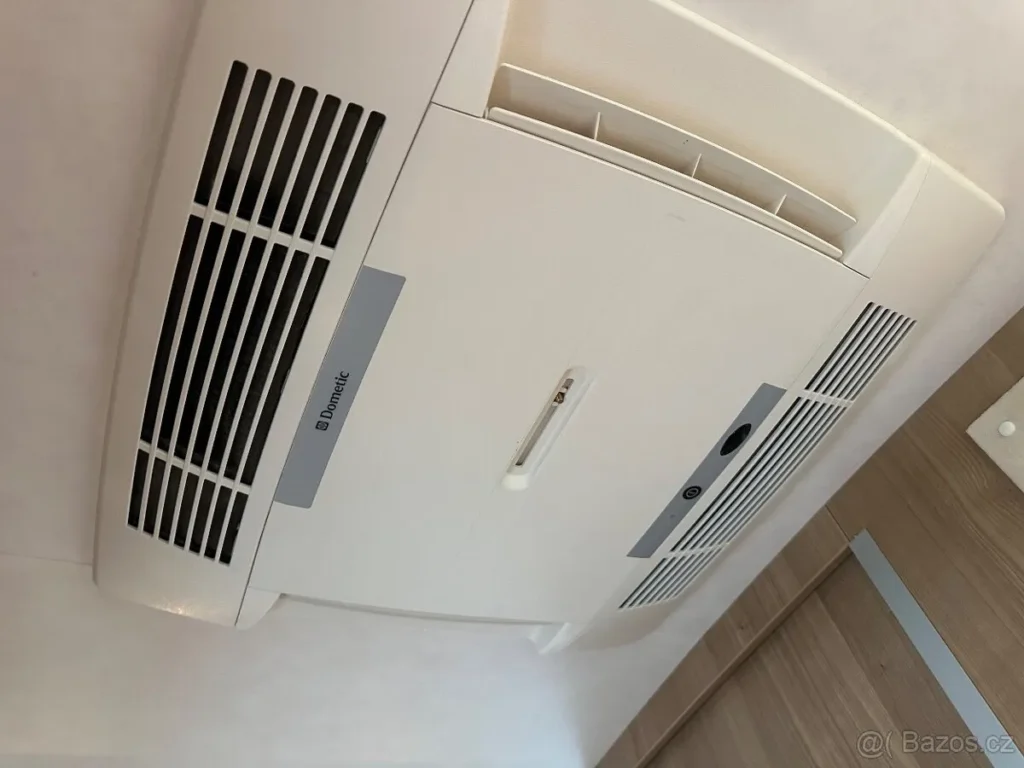 Na obrázku je klimatizace značky Dometic, určená pro obytné vozy nebo karavany.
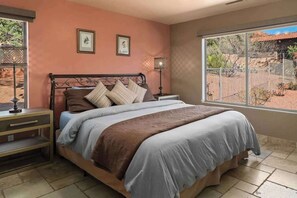 3 bedrooms, iron/ironing board, travel crib, WiFi - Myrinn - Fun Family Escape, Pool & Red Rock Magic (Sedona)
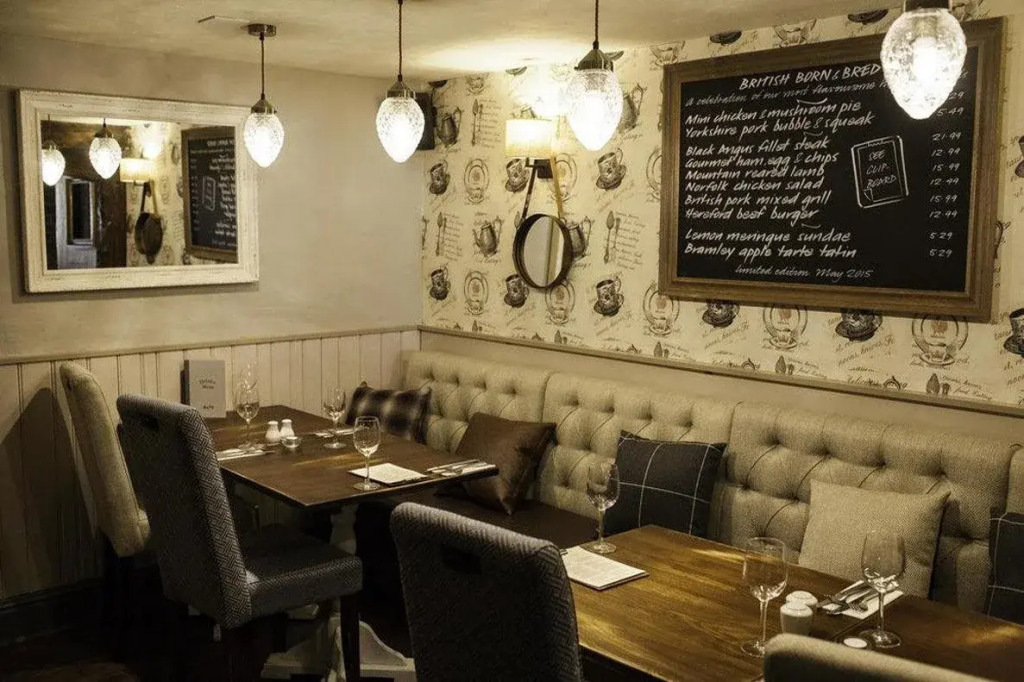 Berkshire Arms by Chef & Brewer Collection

○ ○ ○ ○ ○ ○ ○

_What you should do:_
The result is an exact copy of the lines from the one holding "3 bedrooms, iron/ironing" through the final line of the data above, both ends included, minus the pictures.

_Solved exercise:_
 3 bedrooms, iron/ironing board, travel crib, WiFi - Myrinn - Fun Family Escape, Pool & Red Rock Magic (Sedona)
 Berkshire Arms by Chef & Brewer Collection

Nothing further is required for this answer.